Records excerpted from a collection
^^^^^^^^^^^^^^^^
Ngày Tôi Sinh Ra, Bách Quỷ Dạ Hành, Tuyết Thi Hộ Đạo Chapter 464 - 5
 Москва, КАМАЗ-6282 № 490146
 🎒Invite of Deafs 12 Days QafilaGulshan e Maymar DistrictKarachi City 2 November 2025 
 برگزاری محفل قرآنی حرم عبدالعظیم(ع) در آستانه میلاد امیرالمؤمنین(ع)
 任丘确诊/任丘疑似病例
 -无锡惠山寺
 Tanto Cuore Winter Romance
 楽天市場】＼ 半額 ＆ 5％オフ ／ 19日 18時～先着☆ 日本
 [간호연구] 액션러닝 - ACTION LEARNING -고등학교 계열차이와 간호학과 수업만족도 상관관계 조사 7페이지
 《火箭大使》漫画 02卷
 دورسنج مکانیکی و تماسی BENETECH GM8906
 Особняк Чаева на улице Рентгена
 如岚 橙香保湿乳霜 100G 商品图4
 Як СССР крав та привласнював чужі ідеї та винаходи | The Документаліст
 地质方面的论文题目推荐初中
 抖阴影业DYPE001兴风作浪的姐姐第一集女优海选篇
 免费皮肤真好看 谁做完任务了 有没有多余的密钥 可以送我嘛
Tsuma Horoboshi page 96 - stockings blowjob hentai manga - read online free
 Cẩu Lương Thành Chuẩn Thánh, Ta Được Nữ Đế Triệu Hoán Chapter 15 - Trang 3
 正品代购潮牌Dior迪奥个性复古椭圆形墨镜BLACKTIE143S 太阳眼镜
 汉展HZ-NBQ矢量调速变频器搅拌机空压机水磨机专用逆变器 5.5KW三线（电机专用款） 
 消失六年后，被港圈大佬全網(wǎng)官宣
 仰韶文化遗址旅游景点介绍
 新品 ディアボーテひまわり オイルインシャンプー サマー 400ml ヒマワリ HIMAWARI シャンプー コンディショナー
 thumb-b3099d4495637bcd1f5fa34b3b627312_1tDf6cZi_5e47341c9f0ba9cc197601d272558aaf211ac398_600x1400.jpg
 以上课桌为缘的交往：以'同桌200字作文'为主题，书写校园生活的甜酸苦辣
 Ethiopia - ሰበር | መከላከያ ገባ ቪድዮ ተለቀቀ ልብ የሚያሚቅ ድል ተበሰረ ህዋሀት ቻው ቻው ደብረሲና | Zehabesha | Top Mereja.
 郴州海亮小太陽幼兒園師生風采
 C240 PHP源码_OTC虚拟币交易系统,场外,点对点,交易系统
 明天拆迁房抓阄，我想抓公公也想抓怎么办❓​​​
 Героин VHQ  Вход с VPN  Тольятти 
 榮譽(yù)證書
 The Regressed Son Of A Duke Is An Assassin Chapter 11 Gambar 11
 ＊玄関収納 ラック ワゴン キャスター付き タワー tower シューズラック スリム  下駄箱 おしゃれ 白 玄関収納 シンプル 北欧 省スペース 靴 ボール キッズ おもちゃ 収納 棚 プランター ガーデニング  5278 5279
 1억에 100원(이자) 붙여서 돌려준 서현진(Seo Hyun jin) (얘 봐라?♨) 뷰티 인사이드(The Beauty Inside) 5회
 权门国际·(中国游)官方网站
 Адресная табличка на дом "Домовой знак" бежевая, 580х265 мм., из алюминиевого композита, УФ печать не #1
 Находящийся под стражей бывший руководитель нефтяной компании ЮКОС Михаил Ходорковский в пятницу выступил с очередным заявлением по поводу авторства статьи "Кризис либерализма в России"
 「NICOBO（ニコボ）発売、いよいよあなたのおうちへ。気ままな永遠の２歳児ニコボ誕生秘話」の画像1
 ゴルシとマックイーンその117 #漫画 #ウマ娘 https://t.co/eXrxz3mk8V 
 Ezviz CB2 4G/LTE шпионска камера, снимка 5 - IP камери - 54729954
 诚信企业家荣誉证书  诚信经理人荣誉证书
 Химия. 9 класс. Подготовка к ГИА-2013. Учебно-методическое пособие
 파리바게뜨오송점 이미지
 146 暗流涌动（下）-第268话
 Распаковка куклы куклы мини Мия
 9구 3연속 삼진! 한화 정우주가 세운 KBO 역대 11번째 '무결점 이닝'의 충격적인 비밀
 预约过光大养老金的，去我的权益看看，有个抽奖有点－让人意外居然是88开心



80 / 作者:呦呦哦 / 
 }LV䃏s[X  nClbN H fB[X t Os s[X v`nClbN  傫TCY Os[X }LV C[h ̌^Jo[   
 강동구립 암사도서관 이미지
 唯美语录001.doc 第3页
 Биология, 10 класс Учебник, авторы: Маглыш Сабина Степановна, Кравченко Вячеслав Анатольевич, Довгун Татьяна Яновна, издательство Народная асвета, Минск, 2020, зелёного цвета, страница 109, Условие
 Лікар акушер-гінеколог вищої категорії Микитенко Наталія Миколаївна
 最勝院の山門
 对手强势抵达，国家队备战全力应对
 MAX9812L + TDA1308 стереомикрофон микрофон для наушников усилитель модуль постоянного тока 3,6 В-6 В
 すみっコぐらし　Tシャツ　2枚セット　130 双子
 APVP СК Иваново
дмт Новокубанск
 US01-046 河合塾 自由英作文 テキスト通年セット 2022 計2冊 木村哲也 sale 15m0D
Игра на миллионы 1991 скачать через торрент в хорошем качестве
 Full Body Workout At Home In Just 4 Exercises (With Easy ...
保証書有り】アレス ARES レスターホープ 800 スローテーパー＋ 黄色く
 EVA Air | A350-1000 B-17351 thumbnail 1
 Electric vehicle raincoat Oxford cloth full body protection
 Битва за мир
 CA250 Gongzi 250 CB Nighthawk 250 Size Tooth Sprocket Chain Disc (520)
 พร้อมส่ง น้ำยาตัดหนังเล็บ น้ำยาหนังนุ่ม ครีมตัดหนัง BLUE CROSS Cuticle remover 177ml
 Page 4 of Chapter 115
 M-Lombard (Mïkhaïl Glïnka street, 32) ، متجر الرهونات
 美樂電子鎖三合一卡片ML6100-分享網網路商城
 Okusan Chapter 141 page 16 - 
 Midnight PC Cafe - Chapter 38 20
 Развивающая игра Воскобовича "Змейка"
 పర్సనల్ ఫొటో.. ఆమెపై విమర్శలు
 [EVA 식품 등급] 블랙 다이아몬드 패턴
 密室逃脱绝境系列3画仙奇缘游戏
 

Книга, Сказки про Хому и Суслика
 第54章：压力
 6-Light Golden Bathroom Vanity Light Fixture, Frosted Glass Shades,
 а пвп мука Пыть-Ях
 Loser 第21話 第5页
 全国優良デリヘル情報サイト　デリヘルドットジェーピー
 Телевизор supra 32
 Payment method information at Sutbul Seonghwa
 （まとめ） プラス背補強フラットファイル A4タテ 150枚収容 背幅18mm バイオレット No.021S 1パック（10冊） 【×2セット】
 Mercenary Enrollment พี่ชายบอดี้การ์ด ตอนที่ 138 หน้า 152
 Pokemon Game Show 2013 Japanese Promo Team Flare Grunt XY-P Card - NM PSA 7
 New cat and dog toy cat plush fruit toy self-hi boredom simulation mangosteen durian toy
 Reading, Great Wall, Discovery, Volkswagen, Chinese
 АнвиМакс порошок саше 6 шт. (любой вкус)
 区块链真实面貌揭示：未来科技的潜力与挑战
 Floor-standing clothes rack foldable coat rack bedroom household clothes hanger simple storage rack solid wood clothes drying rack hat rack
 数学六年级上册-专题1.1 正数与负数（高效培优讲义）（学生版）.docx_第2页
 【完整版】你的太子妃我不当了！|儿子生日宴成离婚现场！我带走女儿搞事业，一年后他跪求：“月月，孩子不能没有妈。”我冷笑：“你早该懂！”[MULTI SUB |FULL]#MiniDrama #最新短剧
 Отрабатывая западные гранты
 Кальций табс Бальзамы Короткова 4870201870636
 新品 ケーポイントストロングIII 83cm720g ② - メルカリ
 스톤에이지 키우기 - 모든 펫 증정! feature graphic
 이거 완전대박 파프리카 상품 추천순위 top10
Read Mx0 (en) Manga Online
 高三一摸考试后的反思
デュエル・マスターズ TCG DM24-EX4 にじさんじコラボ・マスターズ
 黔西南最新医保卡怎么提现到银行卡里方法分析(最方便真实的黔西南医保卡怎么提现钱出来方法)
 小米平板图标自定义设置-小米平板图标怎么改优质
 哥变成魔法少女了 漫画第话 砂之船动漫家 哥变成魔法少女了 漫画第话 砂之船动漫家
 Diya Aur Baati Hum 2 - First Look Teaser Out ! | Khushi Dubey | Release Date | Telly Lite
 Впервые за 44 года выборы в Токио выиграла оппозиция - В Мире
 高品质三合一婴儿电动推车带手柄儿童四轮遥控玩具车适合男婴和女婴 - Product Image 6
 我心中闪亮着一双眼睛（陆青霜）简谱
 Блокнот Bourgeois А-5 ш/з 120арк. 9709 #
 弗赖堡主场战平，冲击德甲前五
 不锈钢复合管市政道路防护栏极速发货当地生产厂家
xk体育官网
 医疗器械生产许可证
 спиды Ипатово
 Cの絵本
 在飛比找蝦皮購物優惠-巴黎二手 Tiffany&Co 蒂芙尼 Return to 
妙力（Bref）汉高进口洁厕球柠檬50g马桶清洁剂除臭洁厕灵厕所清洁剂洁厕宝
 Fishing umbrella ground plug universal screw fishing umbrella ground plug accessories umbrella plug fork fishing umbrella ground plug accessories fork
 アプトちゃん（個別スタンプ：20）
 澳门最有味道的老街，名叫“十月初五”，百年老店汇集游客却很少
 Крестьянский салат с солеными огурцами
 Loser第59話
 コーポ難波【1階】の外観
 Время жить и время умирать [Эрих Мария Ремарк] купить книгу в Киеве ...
^^^^^^^^^^^^^^^^
Look through the entries above, and wherever a line holds the string "класс", copy it.

 Химия. 9 класс. Подготовка к ГИА-2013. Учебно-методическое пособие
 Биология, 10 класс Учебник, авторы: Маглыш Сабина Степановна, Кравченко Вячеслав Анатольевич, Довгун Татьяна Яновна, издательство Народная асвета, Минск, 2020, зелёного цвета, страница 109, Условие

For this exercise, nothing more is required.